How Does Tax Evasion Differ From Tax Avoidance?
Tax evasion and tax avoidance are two distinct concepts with two very different consequences. While tax avoidance uses legal measures to reduce a taxpayer's liabilities, tax evasion requires the use of illegal methods to conceal income or information from the IRS.
Tax avoidance is legal and it entails all available tax credits, deductions, and other adjustments to income that you are eligible for. Tax avoidance can help you lower your tax bill while increasing and maximizing the amount of taxable income you keep.
Your taxable income is reduced by deductions and adjustments. Credits subtract from the amount you owe to the IRS. When it comes to deductions, you have an option. You can either take the standard deduction or itemize your deductions but you are not allowed to do both. You should choose the option that reduces your taxable income the most.
What Is Tax Evasion?
Tax evasion is an illegal activity in which a person or company knowingly avoids paying their true tax liability. Those who are caught avoiding taxes are subject to criminal charges and face severe fines of up to $100,000, 5 years in prison, and legal fees and penalties. Companies might face a fine of up to $500,000.
Both the illegal nonpayment and illegal underpayment of taxes are considered a method of tax evasion. Failure to pay taxes on time may result in criminal proceedings. It must be determined that the avoidance of taxes was a willful act on the part of the taxpayer before charges can be levied.
What Methods Are Considered Tax Evasion?
Here are a few situations in which tax evasion is accounted for.
A form of tax evasion is intentionally under-reporting income, where taxpayers don't report income they receive in cash, assuming that it wouldn't be able to be traced.
An alternative method of tax evasion is intentionally over-reporting deduction, where taxpayers add their own personal costs to their expense deduction.

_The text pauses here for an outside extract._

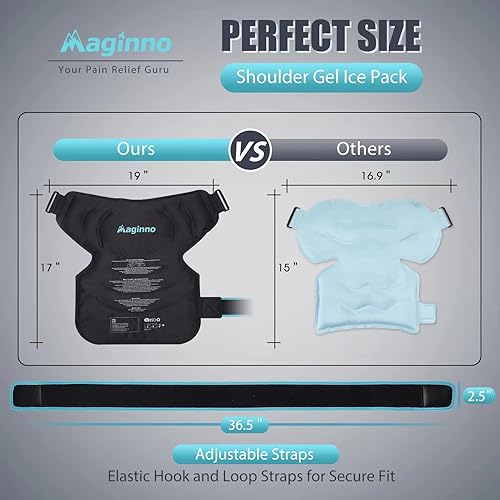 Miniatura 5 de Bolsas de hielo de hombro para lesiones reutilizables, terapia de calor o frío, envoltura de compresión flexible para lesiones de hombro izquierdo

Another form of tax evasion is falsely allocation of income, where a taxpayer tells their clients and customers to make out the check to another taxpayer who is in a lower tax bracket.
Improperly claiming tax credits or exemptions is a form of tax evasion as well, where a taxpayer claims earned income tax credit based on them living with their son/daughter but the son/daughter actually lives with the taxpayer's ex-spouse instead.
One more method of tax evasion is concealing assets, where a taxpayer has a foreign bank account but doesn't report it to the IRS or pay any taxes on the interest they earned from that account.
Bottom line is, that nobody wants to pay more tax than they already have to, therefore individuals oftentimes look for ways to lower their federal tax bill. Those reductions can take the form of tax evasion and tax avoidance but the difference is one is legal and the other is not.